Caption-style text data:
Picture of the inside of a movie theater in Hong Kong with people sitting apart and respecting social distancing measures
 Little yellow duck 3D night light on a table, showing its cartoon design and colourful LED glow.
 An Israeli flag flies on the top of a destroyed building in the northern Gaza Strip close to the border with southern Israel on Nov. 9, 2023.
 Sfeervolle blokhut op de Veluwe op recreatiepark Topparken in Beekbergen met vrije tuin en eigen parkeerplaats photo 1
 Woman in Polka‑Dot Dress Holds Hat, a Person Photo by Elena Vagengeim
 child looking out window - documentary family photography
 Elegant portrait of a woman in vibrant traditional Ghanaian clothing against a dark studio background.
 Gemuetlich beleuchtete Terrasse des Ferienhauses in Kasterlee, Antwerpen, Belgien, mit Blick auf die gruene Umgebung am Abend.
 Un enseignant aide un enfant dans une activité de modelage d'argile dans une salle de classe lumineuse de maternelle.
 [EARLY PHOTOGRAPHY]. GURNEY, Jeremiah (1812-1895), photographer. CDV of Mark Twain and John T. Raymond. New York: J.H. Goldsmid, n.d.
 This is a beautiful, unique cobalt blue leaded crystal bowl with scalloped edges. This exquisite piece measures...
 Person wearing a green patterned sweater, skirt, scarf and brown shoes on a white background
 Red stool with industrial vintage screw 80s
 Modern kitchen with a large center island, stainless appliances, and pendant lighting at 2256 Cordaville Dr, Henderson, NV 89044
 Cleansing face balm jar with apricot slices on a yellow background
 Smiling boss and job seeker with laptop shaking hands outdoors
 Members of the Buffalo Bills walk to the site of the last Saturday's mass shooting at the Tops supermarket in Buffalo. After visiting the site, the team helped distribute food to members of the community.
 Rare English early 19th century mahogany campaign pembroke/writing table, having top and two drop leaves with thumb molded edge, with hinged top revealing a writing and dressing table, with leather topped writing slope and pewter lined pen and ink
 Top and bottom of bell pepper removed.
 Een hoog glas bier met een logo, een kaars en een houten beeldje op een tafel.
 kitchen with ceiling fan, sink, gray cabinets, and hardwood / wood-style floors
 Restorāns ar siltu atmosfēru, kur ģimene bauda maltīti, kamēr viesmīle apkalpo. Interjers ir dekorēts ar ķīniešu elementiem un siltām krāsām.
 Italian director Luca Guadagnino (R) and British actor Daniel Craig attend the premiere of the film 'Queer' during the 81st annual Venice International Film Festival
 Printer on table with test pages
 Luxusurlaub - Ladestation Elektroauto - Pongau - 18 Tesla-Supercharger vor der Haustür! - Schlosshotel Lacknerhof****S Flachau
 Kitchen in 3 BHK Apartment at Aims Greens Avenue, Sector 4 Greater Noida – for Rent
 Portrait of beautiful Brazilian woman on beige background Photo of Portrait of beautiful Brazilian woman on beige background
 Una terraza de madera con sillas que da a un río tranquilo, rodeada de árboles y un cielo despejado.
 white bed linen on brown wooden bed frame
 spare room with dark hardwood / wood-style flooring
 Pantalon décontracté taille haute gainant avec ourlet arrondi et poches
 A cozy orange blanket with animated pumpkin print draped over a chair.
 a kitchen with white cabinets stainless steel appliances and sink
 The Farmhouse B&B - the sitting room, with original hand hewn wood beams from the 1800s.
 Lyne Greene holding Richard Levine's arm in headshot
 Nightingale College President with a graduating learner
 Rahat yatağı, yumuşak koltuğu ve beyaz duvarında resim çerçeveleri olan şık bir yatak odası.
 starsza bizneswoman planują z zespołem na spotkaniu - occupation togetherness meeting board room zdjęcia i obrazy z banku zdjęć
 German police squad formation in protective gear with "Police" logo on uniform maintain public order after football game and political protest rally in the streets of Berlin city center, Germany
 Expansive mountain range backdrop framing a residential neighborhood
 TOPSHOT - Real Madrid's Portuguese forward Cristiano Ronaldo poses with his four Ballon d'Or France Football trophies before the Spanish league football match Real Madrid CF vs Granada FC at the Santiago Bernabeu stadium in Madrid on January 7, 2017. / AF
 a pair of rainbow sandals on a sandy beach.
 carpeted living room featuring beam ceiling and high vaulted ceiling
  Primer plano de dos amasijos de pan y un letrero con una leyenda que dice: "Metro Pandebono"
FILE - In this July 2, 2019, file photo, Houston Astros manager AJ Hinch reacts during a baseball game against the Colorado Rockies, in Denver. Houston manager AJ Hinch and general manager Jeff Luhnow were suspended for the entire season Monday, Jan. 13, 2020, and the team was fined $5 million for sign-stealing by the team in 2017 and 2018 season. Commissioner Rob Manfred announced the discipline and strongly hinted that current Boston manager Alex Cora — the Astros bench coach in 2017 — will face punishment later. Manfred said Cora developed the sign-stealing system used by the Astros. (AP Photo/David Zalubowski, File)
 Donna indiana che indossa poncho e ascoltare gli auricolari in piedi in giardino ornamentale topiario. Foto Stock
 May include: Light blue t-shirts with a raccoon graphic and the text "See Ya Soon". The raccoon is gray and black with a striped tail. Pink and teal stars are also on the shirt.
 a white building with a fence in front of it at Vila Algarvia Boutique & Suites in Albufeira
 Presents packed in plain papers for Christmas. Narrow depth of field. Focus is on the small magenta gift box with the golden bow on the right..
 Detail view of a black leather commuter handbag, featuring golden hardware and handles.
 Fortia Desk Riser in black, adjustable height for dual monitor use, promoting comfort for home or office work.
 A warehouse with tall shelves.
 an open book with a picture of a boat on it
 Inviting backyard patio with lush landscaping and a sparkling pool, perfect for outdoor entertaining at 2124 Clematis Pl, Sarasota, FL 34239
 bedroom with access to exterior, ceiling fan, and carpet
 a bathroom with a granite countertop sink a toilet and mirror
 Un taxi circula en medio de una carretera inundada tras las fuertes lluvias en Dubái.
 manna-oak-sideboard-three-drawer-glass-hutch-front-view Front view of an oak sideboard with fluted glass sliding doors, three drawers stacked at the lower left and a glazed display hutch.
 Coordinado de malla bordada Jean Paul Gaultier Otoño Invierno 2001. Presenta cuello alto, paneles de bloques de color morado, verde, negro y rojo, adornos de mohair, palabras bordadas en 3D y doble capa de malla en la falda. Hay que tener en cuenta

» Task description: Each record, from first to last, should be returned verbatim.

» Reply:
Picture of the inside of a movie theater in Hong Kong with people sitting apart and respecting social distancing measures
 Little yellow duck 3D night light on a table, showing its cartoon design and colourful LED glow.
 An Israeli flag flies on the top of a destroyed building in the northern Gaza Strip close to the border with southern Israel on Nov. 9, 2023.
 Sfeervolle blokhut op de Veluwe op recreatiepark Topparken in Beekbergen met vrije tuin en eigen parkeerplaats photo 1
 Woman in Polka‑Dot Dress Holds Hat, a Person Photo by Elena Vagengeim
 child looking out window - documentary family photography
 Elegant portrait of a woman in vibrant traditional Ghanaian clothing against a dark studio background.
 Gemuetlich beleuchtete Terrasse des Ferienhauses in Kasterlee, Antwerpen, Belgien, mit Blick auf die gruene Umgebung am Abend.
 Un enseignant aide un enfant dans une activité de modelage d'argile dans une salle de classe lumineuse de maternelle.
 [EARLY PHOTOGRAPHY]. GURNEY, Jeremiah (1812-1895), photographer. CDV of Mark Twain and John T. Raymond. New York: J.H. Goldsmid, n.d.
 This is a beautiful, unique cobalt blue leaded crystal bowl with scalloped edges. This exquisite piece measures...
 Person wearing a green patterned sweater, skirt, scarf and brown shoes on a white background
 Red stool with industrial vintage screw 80s
 Modern kitchen with a large center island, stainless appliances, and pendant lighting at 2256 Cordaville Dr, Henderson, NV 89044
 Cleansing face balm jar with apricot slices on a yellow background
 Smiling boss and job seeker with laptop shaking hands outdoors
 Members of the Buffalo Bills walk to the site of the last Saturday's mass shooting at the Tops supermarket in Buffalo. After visiting the site, the team helped distribute food to members of the community.
 Rare English early 19th century mahogany campaign pembroke/writing table, having top and two drop leaves with thumb molded edge, with hinged top revealing a writing and dressing table, with leather topped writing slope and pewter lined pen and ink
 Top and bottom of bell pepper removed.
 Een hoog glas bier met een logo, een kaars en een houten beeldje op een tafel.
 kitchen with ceiling fan, sink, gray cabinets, and hardwood / wood-style floors
 Restorāns ar siltu atmosfēru, kur ģimene bauda maltīti, kamēr viesmīle apkalpo. Interjers ir dekorēts ar ķīniešu elementiem un siltām krāsām.
 Italian director Luca Guadagnino (R) and British actor Daniel Craig attend the premiere of the film 'Queer' during the 81st annual Venice International Film Festival
 Printer on table with test pages
 Luxusurlaub - Ladestation Elektroauto - Pongau - 18 Tesla-Supercharger vor der Haustür! - Schlosshotel Lacknerhof****S Flachau
 Kitchen in 3 BHK Apartment at Aims Greens Avenue, Sector 4 Greater Noida – for Rent
 Portrait of beautiful Brazilian woman on beige background Photo of Portrait of beautiful Brazilian woman on beige background
 Una terraza de madera con sillas que da a un río tranquilo, rodeada de árboles y un cielo despejado.
 white bed linen on brown wooden bed frame
 spare room with dark hardwood / wood-style flooring
 Pantalon décontracté taille haute gainant avec ourlet arrondi et poches
 A cozy orange blanket with animated pumpkin print draped over a chair.
 a kitchen with white cabinets stainless steel appliances and sink
 The Farmhouse B&B - the sitting room, with original hand hewn wood beams from the 1800s.
 Lyne Greene holding Richard Levine's arm in headshot
 Nightingale College President with a graduating learner
 Rahat yatağı, yumuşak koltuğu ve beyaz duvarında resim çerçeveleri olan şık bir yatak odası.
 starsza bizneswoman planują z zespołem na spotkaniu - occupation togetherness meeting board room zdjęcia i obrazy z banku zdjęć
 German police squad formation in protective gear with "Police" logo on uniform maintain public order after football game and political protest rally in the streets of Berlin city center, Germany
 Expansive mountain range backdrop framing a residential neighborhood
 TOPSHOT - Real Madrid's Portuguese forward Cristiano Ronaldo poses with his four Ballon d'Or France Football trophies before the Spanish league football match Real Madrid CF vs Granada FC at the Santiago Bernabeu stadium in Madrid on January 7, 2017. / AF
 a pair of rainbow sandals on a sandy beach.
 carpeted living room featuring beam ceiling and high vaulted ceiling
  Primer plano de dos amasijos de pan y un letrero con una leyenda que dice: "Metro Pandebono"
FILE - In this July 2, 2019, file photo, Houston Astros manager AJ Hinch reacts during a baseball game against the Colorado Rockies, in Denver. Houston manager AJ Hinch and general manager Jeff Luhnow were suspended for the entire season Monday, Jan. 13, 2020, and the team was fined $5 million for sign-stealing by the team in 2017 and 2018 season. Commissioner Rob Manfred announced the discipline and strongly hinted that current Boston manager Alex Cora — the Astros bench coach in 2017 — will face punishment later. Manfred said Cora developed the sign-stealing system used by the Astros. (AP Photo/David Zalubowski, File)
 Donna indiana che indossa poncho e ascoltare gli auricolari in piedi in giardino ornamentale topiario. Foto Stock
 May include: Light blue t-shirts with a raccoon graphic and the text "See Ya Soon". The raccoon is gray and black with a striped tail. Pink and teal stars are also on the shirt.
 a white building with a fence in front of it at Vila Algarvia Boutique & Suites in Albufeira
 Presents packed in plain papers for Christmas. Narrow depth of field. Focus is on the small magenta gift box with the golden bow on the right..
 Detail view of a black leather commuter handbag, featuring golden hardware and handles.
 Fortia Desk Riser in black, adjustable height for dual monitor use, promoting comfort for home or office work.
 A warehouse with tall shelves.
 an open book with a picture of a boat on it
 Inviting backyard patio with lush landscaping and a sparkling pool, perfect for outdoor entertaining at 2124 Clematis Pl, Sarasota, FL 34239
 bedroom with access to exterior, ceiling fan, and carpet
 a bathroom with a granite countertop sink a toilet and mirror
 Un taxi circula en medio de una carretera inundada tras las fuertes lluvias en Dubái.
 manna-oak-sideboard-three-drawer-glass-hutch-front-view Front view of an oak sideboard with fluted glass sliding doors, three drawers stacked at the lower left and a glazed display hutch.
 Coordinado de malla bordada Jean Paul Gaultier Otoño Invierno 2001. Presenta cuello alto, paneles de bloques de color morado, verde, negro y rojo, adornos de mohair, palabras bordadas en 3D y doble capa de malla en la falda. Hay que tener en cuenta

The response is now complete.